This is again a classification or prediction problem where people rejecting the admission offer will be assigned a 1 and those accepting the admission will be assigned a 0. The grain of the data will be the student application and some of the variables can be student aptitude test scores, essay score, interview score, economic background, ethnicity, personal profile, high school, school distance from home, siblings, financial aid requested, faculty applied in, etc. As before, 90% of the data will be used to train the model and 10% will be used to test and validate the model. The predictive modeling software will look for common patterns of variables with records that have a predicted variable of 1 and the same process for records with a 0. Next, it will combine the two sets of variables and try to determine the variables with high discriminatory power and come up with a predictive model fully trained.

The value of analytics here is that the best available talent interested in the school is actually given the opportunity to pursue their education at the school. A simple cutoff can be built to see what range of probability to accept will become the cutoff point for offering admissions.

Manufacturing

In the manufacturing space, forecasting and decision optimization methods are widely used to manage the supply chain. Forecasting is used on the demand side of the product and decision optimization on maximizing the value from the entire supply-chain execution. The use of analytics in manufacturing is destined for hypergrowth (Markillie, 2012) because of several driving forces, such as:

■ Three-dimensional printing that is revolutionizing engineering designs.

■ Global supply chains with a large choice of suppliers and materials.

■ Volatility in commodities and raw material pricing. Procurement and storage decisions are increasingly complex.

■ Customization in manufacturing product specifications for better customer experiences. Customization requires adjustments to design, materials, engineering, and manufacturing on a short notice.

While manufacturing will create newer use of analytics to manage this third industrial revolution (Markillie, 2012) within purchasing, pricing, commodity, and raw material trading, we will use a well-defined problem to demonstrate the application of analytics using data mining. The manufacturing process contains engineering where the product is designed; production where the product is built; sales and distribution; and then after-sales service where the customer interaction takes place for product support. Within the customer support function there is warranty and claims management. It is important for a manufacturing organization to understand warranty claims down to the very specific details of the product, its design, its production, its raw material, and other parts and assemblies from suppliers. There is a two-part problem here: one is to predict which product sales will result in a claim, and the other is to understand the common patterns of claims so remedial actions in engineering design and supply-chain operation can be implemented.

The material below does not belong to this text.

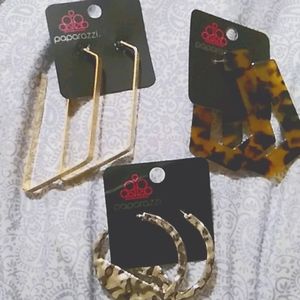 Paparazzi Earrings 3 for $10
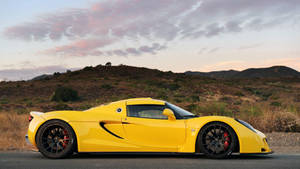 Yellow Hennessey Venom Gt Wallpaper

Predicting Warranty Claims

What is the probability that the next product off the assembly line would lead to a warranty claim?

Analytics Solution

The solution would require both a predictive model and a clustering model. The predictive model will use 90% of the data set to train the model and then 10% to test it. It will assign a 1 in the predictive variable to records where a warranty claim was paid, and a 0 to all other products sold. The grain for the predictive model is actually quite challenging because it will need product specification, the production schedule, employees who worked the production line, and customer details for those who bought it. The grain would be at the product level but will have a complex data structure. Another challenge here is that for products where a warranty claim was paid, usually there is good detailed data about the defect and about the customer, but where a customer never called for service, the model may not have the pertinent detail on the customer. It is important to have similar data sets available for any kind of modeling, and both the 1 and 0 records should have identical variables and more than 50% should not be blank or null. Variables may have to be left out if they are available for 1 records but not for 0 records.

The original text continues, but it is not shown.